Chronique d'Hugo Lavoie diffusée sur Radio Canada le 15 mai 2018.

L'Université McGill de Montréal (Québec) vient d'acquérir une correspondance annoncée comme inédite entre Céline et l'auteur québécois Victor Barbeau, une correspondance entretenue après la visite de Céline à Montréal en mai 1938. Les lettres échangées ont été récemment rendues publiques par l'Université McGill et peuvent être consultées à la librairie de l'Université.


Quand Céline séjournait au Canada

Décidé à mettre fin aux fredaines de son fils, le notaire Arouet songea, en dernière ressource, à l’exiler en Nouvelle-France. La peinture que lui firent ses amis de la rudesse des mœurs et de la rigueur du climat de la colonie l’inclina à moins de sévérité. Depuis lors, cependant, à la seule mention du nom de Québec, Voltaire en avait froid dans le dos. Son plus vif désir était que le mer l’engloutît, avec les jésuites qui s’y trouvaient.

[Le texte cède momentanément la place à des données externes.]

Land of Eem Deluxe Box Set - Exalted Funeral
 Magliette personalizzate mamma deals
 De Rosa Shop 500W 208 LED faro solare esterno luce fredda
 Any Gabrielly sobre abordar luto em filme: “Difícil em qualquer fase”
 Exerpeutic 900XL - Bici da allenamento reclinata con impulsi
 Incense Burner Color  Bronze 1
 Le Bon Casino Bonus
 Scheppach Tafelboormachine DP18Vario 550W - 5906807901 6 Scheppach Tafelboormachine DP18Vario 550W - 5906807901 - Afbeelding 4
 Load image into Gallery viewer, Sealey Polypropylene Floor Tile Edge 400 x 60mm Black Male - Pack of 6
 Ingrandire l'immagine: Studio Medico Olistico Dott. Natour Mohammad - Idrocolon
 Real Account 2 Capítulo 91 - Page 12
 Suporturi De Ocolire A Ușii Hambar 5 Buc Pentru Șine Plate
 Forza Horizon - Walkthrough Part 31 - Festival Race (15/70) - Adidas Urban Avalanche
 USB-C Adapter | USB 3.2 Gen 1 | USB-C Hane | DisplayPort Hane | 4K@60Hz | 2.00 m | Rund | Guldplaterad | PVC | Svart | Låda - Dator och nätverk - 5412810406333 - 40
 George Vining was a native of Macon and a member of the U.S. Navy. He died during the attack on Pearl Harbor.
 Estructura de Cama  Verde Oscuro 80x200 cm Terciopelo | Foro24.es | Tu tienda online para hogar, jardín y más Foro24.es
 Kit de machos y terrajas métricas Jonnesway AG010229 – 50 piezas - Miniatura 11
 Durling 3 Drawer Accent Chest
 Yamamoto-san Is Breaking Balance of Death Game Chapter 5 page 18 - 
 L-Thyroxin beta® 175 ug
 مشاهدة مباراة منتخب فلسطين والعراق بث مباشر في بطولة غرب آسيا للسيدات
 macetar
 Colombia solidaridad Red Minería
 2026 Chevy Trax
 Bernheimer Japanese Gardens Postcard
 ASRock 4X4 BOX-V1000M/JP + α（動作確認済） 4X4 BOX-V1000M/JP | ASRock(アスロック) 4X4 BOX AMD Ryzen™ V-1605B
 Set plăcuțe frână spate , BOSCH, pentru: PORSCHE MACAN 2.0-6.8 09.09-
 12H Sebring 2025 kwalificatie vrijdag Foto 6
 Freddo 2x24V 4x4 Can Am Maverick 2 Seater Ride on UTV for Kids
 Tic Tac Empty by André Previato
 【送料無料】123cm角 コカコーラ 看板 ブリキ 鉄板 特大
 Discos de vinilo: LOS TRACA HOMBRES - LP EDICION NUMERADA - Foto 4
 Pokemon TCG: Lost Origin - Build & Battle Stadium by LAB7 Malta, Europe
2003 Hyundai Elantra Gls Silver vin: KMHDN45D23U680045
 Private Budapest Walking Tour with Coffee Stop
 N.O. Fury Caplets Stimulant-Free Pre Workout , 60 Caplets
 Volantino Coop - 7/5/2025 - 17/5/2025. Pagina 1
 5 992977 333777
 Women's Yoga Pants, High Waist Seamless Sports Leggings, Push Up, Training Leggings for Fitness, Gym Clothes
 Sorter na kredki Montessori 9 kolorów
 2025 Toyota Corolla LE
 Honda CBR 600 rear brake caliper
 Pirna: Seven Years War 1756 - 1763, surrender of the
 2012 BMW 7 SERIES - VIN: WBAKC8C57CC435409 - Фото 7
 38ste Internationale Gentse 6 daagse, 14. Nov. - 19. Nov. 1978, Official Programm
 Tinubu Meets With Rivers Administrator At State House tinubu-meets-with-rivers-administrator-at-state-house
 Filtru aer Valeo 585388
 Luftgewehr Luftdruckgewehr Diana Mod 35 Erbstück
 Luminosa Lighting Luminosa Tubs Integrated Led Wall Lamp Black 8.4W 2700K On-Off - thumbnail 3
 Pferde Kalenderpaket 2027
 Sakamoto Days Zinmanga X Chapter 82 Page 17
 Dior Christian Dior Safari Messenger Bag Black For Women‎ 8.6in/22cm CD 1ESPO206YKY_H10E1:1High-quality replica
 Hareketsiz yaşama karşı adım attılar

Le sentiment des écrivains français à l’endroit du Canada est, aujourd’hui, plus nuancé. Les arpents de neige, le pays de glace " habité par des barbares, des ours et des castors " ne les effraient pas. Si le climat n’a pas changé, si on n’y danse plus le menuet, comme sous Louis XIV, en revanche, la population en est fort accueillante à l’endroit des étrangers et naturellement portée vers tout ce qui vient de France et de Navarre. Les comédiens y sont particulièrement choyés ; les coiffeurs et les pâtissiers, sans rivaux. Les toilettes de Cécile Sorel, le travesti d’Yvonne Printemps, les ronds de jambes de Sacha Guitry, les entrechats de Barrault n’ont pas peu contribué, avec les Saint-Honoré et les mises en pli, à resserrer les liens culturels entre les deux pays. Sans être aussi haut en couleurs, le prestige des hommes de lettres est solidement assis et dévotement entretenu. Le couvert est toujours mis pour eux et le public toujours disponible également à les entendre parler en bien d’eux-mêmes et en mal de leurs confrères. Que peut faire un écrivain en voyage sinon des conférences ?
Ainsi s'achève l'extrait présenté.